"O nível profissional do surf é todo feito de atletas, sem personalidade” - Christian Fletcher
Christian Fletcher e o aerial como sinal de anti-conformismo e anti-competição....
Por Pedro Quadros
Hoje em dia poucos se recordam de que houve um tempo em que o aerial não era apenas mais uma manobra, mas um sinal de anti-conformismo anti-competitivo. E a bandeira desse movimento era Christian Fletcher.
Já atualmente pode-se dizer que o aerial é tão praticado no surf competitivo que pode ser vista como sinal de conformismo, pelo menos no que respeita ao julgamento. Vejamos : A primeira nota 10 no World Tour deste ano foi obtida pelo Griffin Colapinto, em Peniche, graças a um aerial reverse; quando a etapa anterior do Tour, em Pipeline (Hawaii), registou ondas e desempenhos considerados por muitos como dos melhores dos últimos 15/20 anos nessa praia icónica para o mundo do surf.
Ao contrário de que este anúncio de 1989 sugeria, a vitória do Christian naquele evento foi conseguido com um surf conservador, de snaps e floaters
Nem se lembra de quando começou a fazer surf,
pois com um ano já o Pai lhe tinha construído a primeira prancha
Nascido em 1970 no Hawaii, transplantado para a California com quatro anos, nem se lembra de quando começou a fazer surf, pois com um ano já o Pai lhe tinha construído a primeira prancha. Oriundo de uma família solidamente implantada no mundo do surf : o Pai, Herbie Fletcher, foi finalista dos campeonatos do mundo de 1966, pioneiro de Pipeline nos anos 60 e do tow-in ainda nos anos 80 (em Pipeline !). Manteve a “chama” do longboarrd, mesmo quando este tinha deixado de estar em voga; Os avós foram pioneiros do surf em Sunset Beach ainda nos anos 50; a tia, Joyce Hoffman, foi duas vezes campeã do mundo, em 1965 e 1966. O irmão, mais novo, Nathan, é um dos mais ousados surfistas de ondas grandes da actualidade.

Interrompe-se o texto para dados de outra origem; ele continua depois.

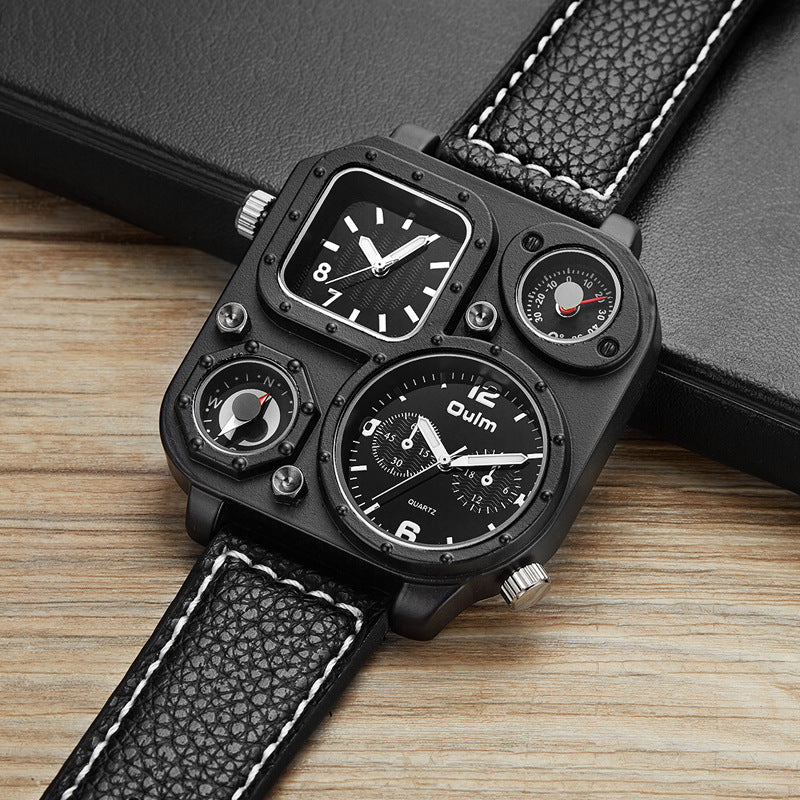 Quadratische Herren-Sportuhr mit Dual-Display | LuxeStyle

Christian a dar os primeiros passos no skate, às mãos do Pai, Herbie.
Por volta de meados dos anos 70, havia no sul da California uma dinâmica cultura cruzada entre o surf e o skate,
em que os surfistas pretendiam replicar no skate as manobras do surf
Tão cedo começou a fazer surf como skate. Por volta de meados dos anos 70, havia no sul da California uma dinâmica cultura cruzada entre o surf e o skate, em que os surfistas pretendiam replicar no skate as manobras do surf, nomeadamente snaps e roller-costers (e até tubos).
Fruto de circunstâncias muito especiais – o desenvolvimento de uma sub-cultura adolescente no sul da California e a oportunidade de haver muitas piscinas vazias de água devido a um período de seca prolongada naquela zona, que passaram a servir de excelentes “bowls” – , o skate evolui para as manobras aéreas, na medida em que skaters (como Tony Alva e Christian Hosoi) iam subindo cada vez mais nas paredes das piscinas até ultrapassarem o topo das piscinas, elevando-se no ar. Desenvolve-se uma nova faceta do cruzamento entre surf e skate, mas agora eram os surfistas que pretendiam replicar no surf as manobras aéreas que praticavam no skate.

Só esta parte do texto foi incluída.